Exercise =
A word-for-word copy of all entries is required, without images.

Segment Open

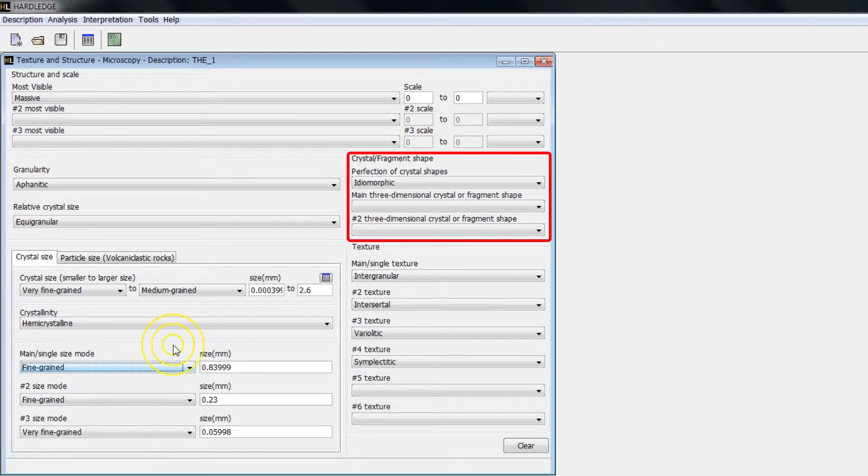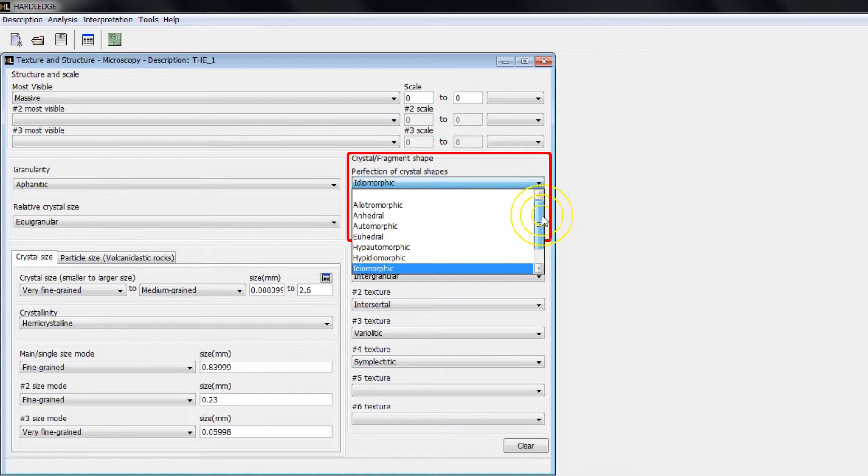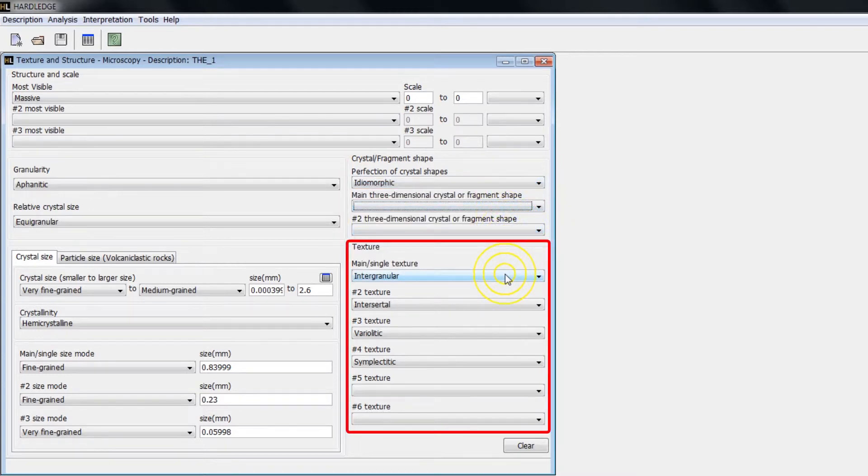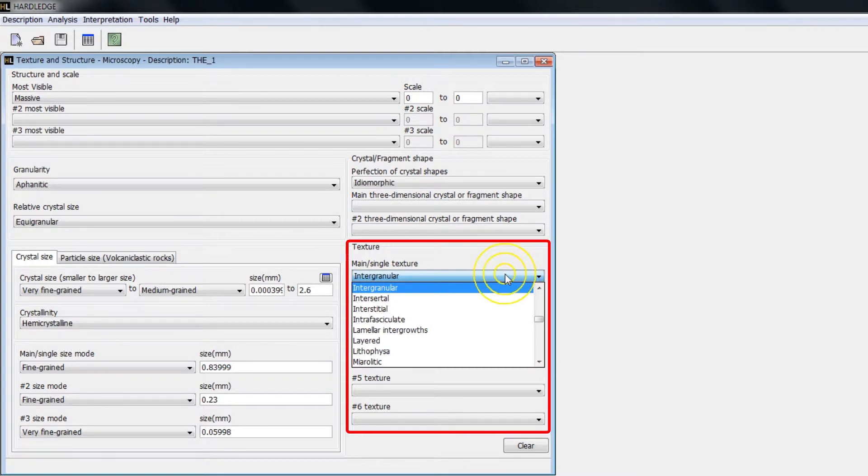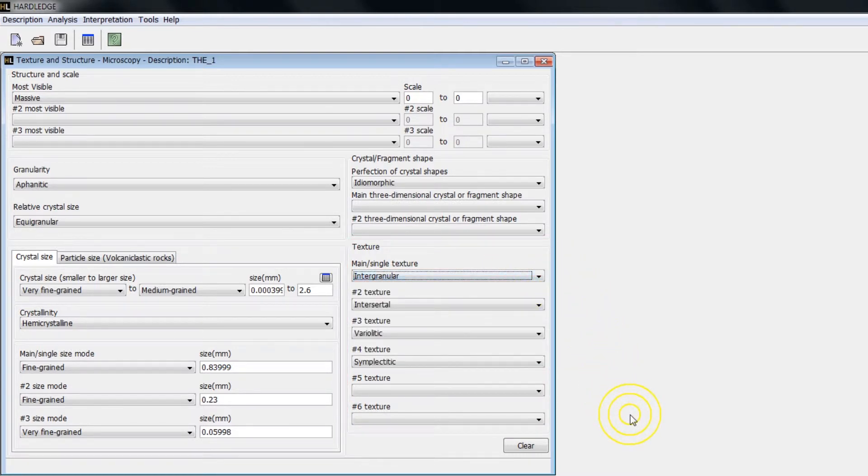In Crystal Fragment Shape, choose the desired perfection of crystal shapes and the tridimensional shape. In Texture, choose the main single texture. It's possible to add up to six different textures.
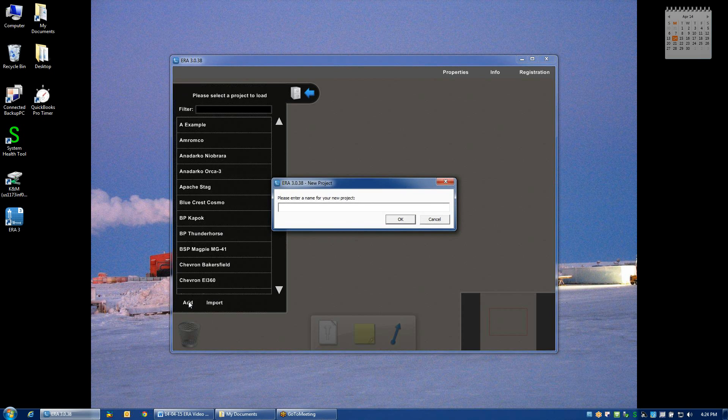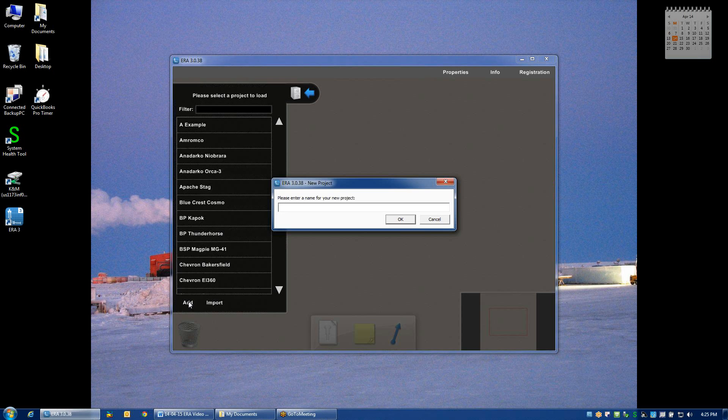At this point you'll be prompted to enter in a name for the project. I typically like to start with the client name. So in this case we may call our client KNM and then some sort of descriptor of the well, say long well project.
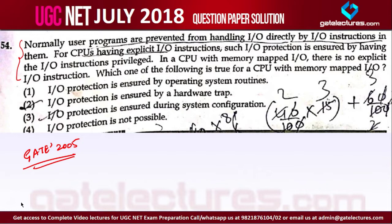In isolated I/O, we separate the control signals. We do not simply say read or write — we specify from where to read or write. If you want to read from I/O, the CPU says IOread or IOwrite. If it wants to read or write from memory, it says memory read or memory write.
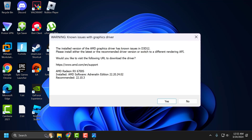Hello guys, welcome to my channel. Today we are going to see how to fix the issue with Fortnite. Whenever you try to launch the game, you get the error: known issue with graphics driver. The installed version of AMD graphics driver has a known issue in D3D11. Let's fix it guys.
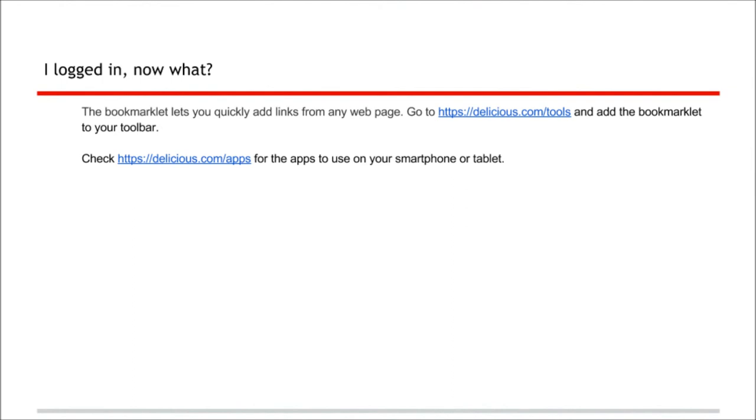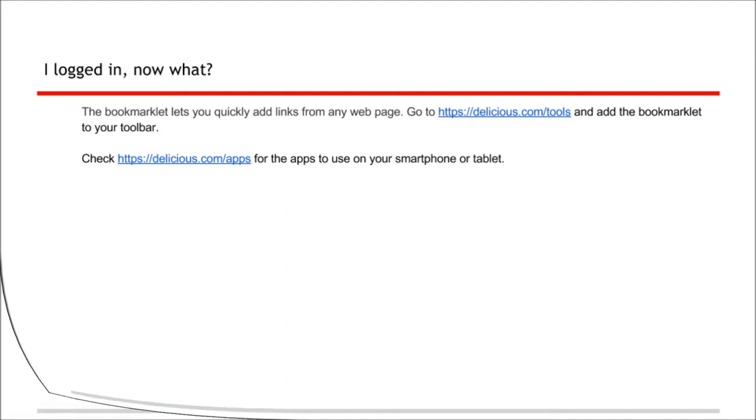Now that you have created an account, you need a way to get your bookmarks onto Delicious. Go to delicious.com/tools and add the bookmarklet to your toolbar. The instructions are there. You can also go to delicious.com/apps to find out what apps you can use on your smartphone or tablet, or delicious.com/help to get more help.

Segment Closed

Exercise answer =
In Crystal Fragment Shape, choose the desired perfection of crystal shapes and the tridimensional shape. In Texture, choose the main single texture. It's possible to add up to six different textures.
At this point you'll be prompted to enter in a name for the project. I typically like to start with the client name. So in this case we may call our client KNM and then some sort of descriptor of the well, say long well project.
In isolated I/O, we separate the control signals. We do not simply say read or write — we specify from where to read or write. If you want to read from I/O, the CPU says IOread or IOwrite. If it wants to read or write from memory, it says memory read or memory write.
Hello guys, welcome to my channel. Today we are going to see how to fix the issue with Fortnite. Whenever you try to launch the game, you get the error: known issue with graphics driver. The installed version of AMD graphics driver has a known issue in D3D11. Let's fix it guys.
Now that you have created an account, you need a way to get your bookmarks onto Delicious. Go to delicious.com/tools and add the bookmarklet to your toolbar. The instructions are there. You can also go to delicious.com/apps to find out what apps you can use on your smartphone or tablet, or delicious.com/help to get more help.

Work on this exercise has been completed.